▸ Input data
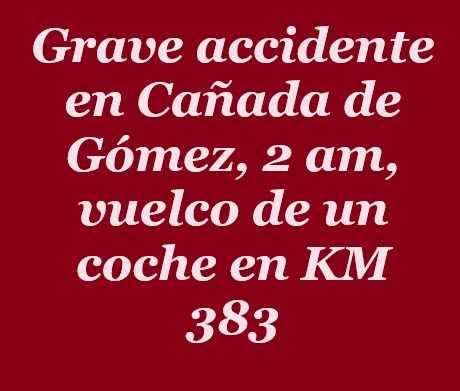 vuelco383ruta9.jpg
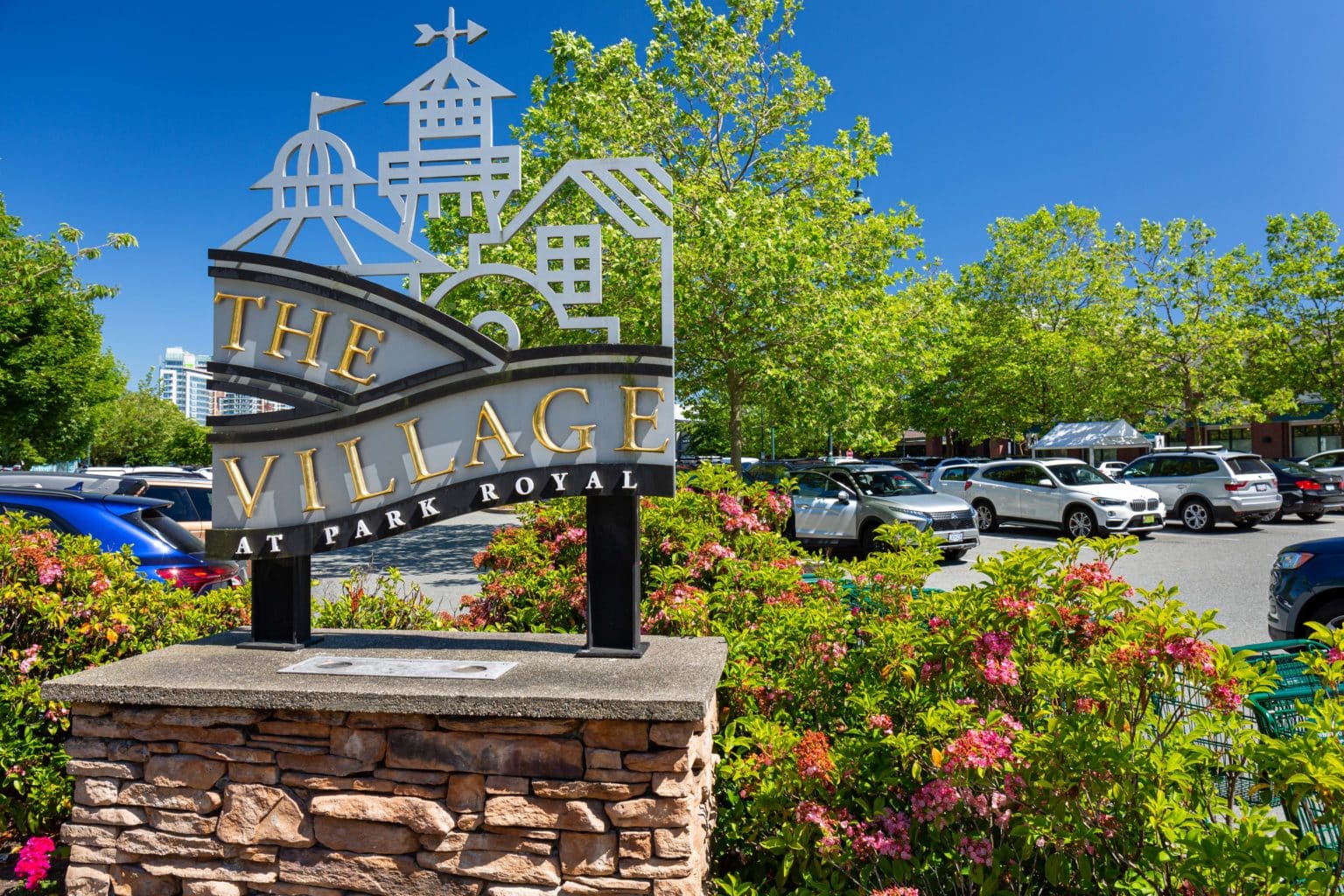 Superb West Vancouver Oceanfront Rentals Austeville Properties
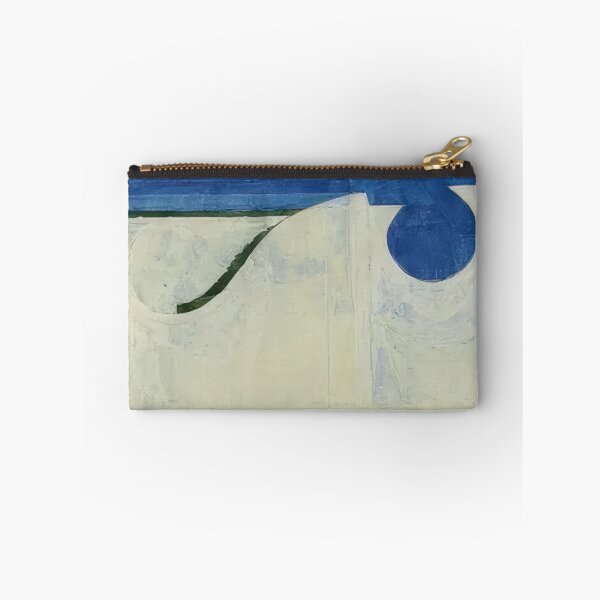 Item preview, Richard Diebenkorn designed and sold by PrtScn.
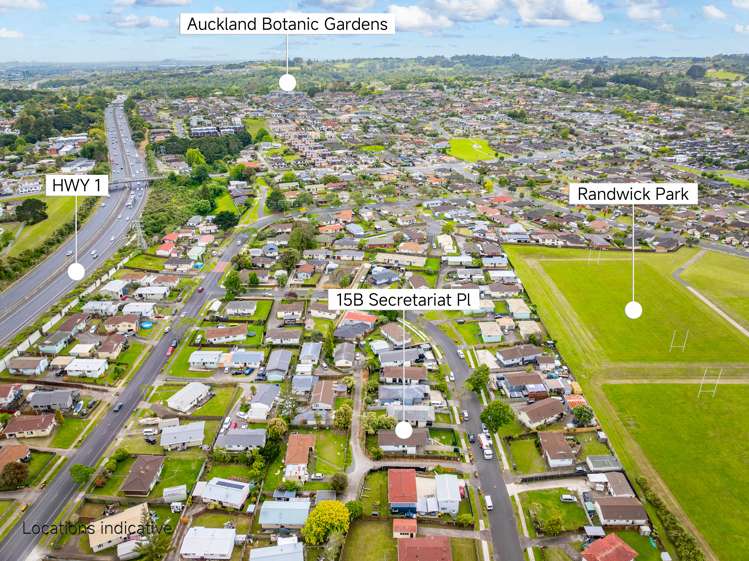 15b Secretariat Place Randwick Park_18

▸ Work to complete
Everything above except the pictures must be restated exactly.

▸ Answer section
 vuelco383ruta9.jpg
 Superb West Vancouver Oceanfront Rentals Austeville Properties
 Item preview, Richard Diebenkorn designed and sold by PrtScn.
 15b Secretariat Place Randwick Park_18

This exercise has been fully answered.